Complications of Intraaortic Balloon Counterpulsation Insertion in Patients Receiving Thrombolytic Therapy for Acute Myocardial Infarction

Abstract
This study retrospectively examines 38 patients who presented with acute myocardial infarction requiring intraaortic balloon pump counterpulsation. Two groups of patients were identified. Group I consisted of patients with acute myocardial infarction treated with intraaortic balloon pump without thrombolytic therapy. Group II consisted of patients treated with intraaortic balloon pump after receiving intravenous thrombolytic therapy. These groups were compared and contrasted with regard to previously identified complications associated with intraaortic balloon pump counterpulsation including loss of limb and mortality.
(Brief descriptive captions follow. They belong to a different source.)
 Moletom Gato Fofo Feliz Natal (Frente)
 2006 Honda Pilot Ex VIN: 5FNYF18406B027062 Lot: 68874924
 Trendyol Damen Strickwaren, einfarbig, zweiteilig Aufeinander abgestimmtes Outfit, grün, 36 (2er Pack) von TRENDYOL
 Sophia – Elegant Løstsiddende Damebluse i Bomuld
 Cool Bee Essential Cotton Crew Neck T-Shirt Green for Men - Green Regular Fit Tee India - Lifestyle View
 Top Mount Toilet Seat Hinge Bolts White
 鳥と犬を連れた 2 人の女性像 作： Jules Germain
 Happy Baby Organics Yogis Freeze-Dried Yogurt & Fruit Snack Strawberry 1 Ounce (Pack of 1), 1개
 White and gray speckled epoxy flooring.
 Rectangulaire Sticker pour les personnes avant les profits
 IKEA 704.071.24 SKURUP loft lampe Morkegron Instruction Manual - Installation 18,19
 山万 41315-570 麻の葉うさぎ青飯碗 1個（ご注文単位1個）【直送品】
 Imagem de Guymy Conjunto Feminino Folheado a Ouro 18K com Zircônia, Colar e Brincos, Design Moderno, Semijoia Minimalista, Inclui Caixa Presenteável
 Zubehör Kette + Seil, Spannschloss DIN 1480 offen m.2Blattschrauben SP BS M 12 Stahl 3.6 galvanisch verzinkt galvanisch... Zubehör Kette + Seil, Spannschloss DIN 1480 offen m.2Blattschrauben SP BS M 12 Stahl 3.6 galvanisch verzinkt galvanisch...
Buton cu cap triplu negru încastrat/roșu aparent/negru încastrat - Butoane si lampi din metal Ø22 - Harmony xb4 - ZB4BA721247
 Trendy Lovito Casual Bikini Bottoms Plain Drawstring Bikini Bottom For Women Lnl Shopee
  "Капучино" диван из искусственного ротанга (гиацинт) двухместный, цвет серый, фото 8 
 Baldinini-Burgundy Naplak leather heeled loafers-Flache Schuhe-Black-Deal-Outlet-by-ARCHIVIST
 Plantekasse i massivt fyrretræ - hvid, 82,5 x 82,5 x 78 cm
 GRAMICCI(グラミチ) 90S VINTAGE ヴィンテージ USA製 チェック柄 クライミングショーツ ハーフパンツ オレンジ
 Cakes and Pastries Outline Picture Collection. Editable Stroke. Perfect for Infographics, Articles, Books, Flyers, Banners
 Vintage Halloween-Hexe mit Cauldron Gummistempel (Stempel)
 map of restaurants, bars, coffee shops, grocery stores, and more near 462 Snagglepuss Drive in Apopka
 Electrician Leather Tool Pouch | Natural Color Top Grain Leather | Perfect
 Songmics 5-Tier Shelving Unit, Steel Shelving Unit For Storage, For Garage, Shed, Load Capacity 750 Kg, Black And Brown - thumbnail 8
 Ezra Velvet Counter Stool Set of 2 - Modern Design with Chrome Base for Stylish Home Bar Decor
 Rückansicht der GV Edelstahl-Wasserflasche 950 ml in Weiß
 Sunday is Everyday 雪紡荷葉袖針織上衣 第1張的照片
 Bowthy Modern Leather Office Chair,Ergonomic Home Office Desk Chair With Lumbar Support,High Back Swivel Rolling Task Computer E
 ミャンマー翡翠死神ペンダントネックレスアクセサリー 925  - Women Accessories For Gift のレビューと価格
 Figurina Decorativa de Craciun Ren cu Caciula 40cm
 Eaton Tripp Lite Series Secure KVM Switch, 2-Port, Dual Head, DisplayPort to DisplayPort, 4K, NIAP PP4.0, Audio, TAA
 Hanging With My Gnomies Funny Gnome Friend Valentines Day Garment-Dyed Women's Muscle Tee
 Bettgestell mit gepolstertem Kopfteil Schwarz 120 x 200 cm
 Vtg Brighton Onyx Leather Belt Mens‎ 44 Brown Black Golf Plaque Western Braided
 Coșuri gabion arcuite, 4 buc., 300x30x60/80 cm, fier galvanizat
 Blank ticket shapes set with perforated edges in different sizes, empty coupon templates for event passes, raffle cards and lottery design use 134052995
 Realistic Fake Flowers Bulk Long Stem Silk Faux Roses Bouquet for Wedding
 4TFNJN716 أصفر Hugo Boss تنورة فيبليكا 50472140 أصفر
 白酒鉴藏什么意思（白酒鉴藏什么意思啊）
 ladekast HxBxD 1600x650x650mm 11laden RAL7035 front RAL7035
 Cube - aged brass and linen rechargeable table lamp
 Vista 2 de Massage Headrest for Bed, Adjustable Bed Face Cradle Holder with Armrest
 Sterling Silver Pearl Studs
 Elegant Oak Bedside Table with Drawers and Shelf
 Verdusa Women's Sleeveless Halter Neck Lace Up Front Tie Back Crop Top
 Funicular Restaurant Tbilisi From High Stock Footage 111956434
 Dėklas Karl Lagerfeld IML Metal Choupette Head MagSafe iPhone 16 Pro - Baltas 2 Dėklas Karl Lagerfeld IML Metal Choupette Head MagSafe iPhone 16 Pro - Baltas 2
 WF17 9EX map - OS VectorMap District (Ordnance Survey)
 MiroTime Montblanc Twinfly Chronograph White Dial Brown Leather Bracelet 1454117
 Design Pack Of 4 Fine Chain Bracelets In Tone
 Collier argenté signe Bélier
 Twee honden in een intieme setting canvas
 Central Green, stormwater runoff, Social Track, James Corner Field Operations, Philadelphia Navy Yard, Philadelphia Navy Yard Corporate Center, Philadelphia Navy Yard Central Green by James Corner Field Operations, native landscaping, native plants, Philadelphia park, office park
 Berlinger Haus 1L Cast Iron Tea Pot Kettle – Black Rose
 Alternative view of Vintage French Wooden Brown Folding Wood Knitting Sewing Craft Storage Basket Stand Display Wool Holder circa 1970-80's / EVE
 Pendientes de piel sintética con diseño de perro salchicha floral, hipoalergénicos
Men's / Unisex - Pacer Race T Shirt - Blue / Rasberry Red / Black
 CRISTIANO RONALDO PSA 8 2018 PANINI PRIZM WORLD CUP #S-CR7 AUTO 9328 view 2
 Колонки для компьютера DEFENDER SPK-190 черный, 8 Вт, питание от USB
The need for surgery, embolectomy, and drainage of hematoma were also evaluated. The need for surgery in group II (11%) and in both groups combined (7%) is lower than is generally reported in literature (range 11.6% to 34%). In addition, no patients experienced a loss of limb and no patients in the study had severe life‐threatening iatrogenic morbidity or mortality. While mortality was not an end point in this study, it was noted that there was an increased survival rate in group II patients with 61% surviving until the time of hospital discharge. Also, eight out of 14 patients in group II who underwent intraaortic balloon pump counterpulsation for cardiogenic shock survived until the time of discharge. This represents a 57% survival rate for patients presenting with cardiogenic shock. We conclude that intraaortic balloon pumps can be inserted safely following thrombolytic therapy in a community hospital.